Abstract

Surgical excision is conventionally regarded as the treatment of choice for nodular basal cell carcinoma (nBCC), and methyl aminolevulinate photodynamic therapy (MAL-PDT) has relatively low efficacy for nBCC. However, Er:YAG ablative fractional laser (AFL)-primed MAL-PDT (Er:YAG AFL-PDT) may offer enhanced efficacy for nBCC, especially thin nBCC (thickness ≤2 mm). We compared Er:YAG AFL-PDT with conventional MAL-PDT for thin facial nBCC in Korean patients. Thirty-nine patients (42 lesions) with primary, histologically proven thin nBCCs were randomized to Er:YAG AFL-PDT (single session, n = 20) or conventional MAL-PDT (two sessions, 7 days apart, n = 19). Efficacy, recurrence rate, cosmetic outcomes and safety were assessed 1 week, 3 months and 12 months after the last treatment. Three months after the final treatment, overall complete response rates were 84.2% with Er:YAG AFL-PDT and 50% with MAL-PDT (P = 0.026).
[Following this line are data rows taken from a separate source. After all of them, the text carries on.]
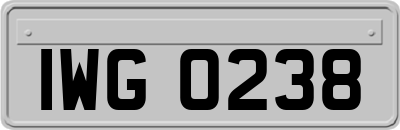 IWG0238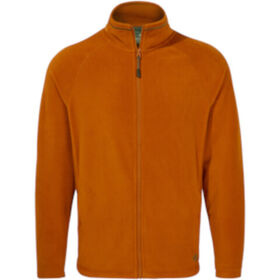 Craghoppers Expert Corey 200 Fleece Jacket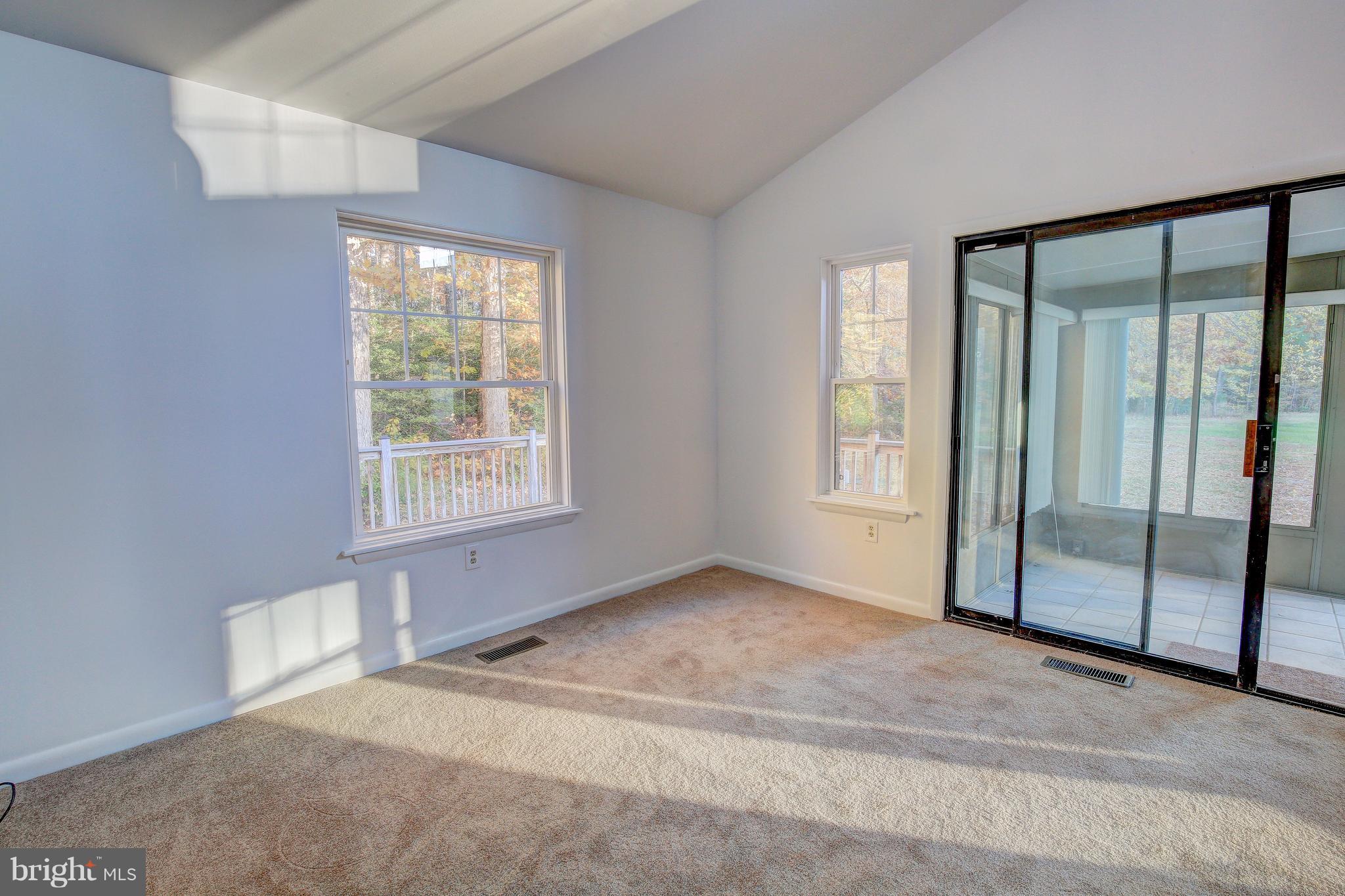 CASTLE HAVEN - Residential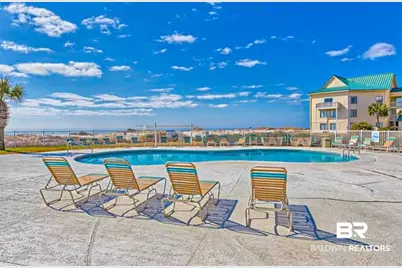 645 Plantation Road #6106, Gulf Shores, AL 36542 - Photo 34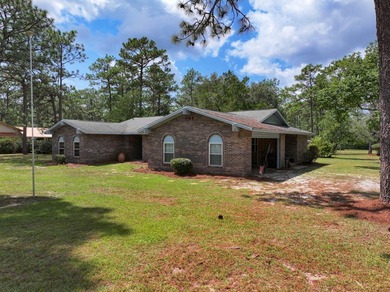 Price reduced on 11 July 2026. Sellers are motivated. Bring - photo 13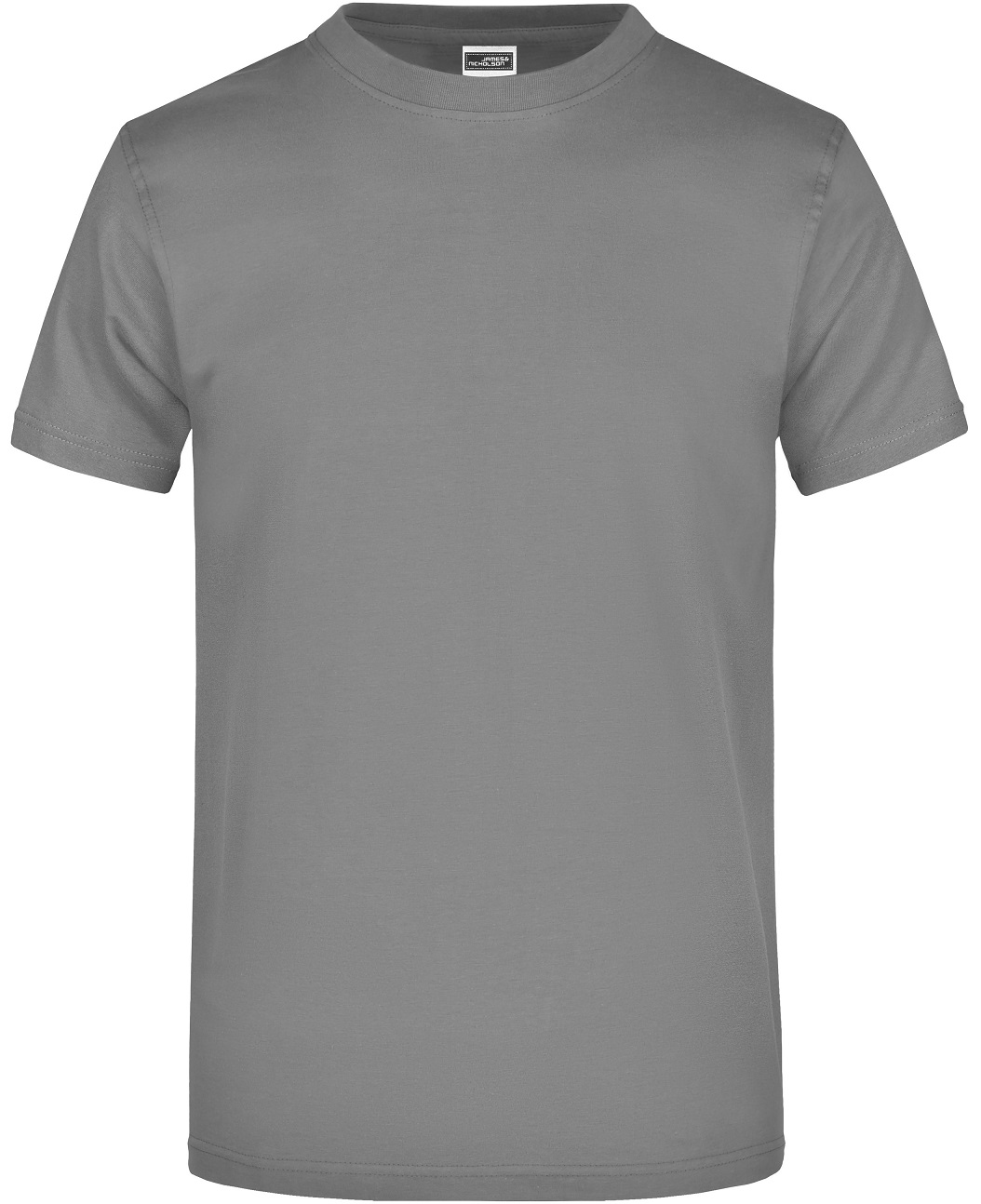dark-grey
The recurrence rate was significantly lower with Er:YAG AFL-PDT (6.3%) than with MAL-PDT (55.6%) at 12 months (P = 0.006). Er:YAG AFL-PDT and MAL-PDT did not differ significantly with respect to cosmetic outcomes or safety. Er:YAG AFL-PDT can be used as an alternative treatment option for patients who have thin nBCC and are not suitable for surgical treatment.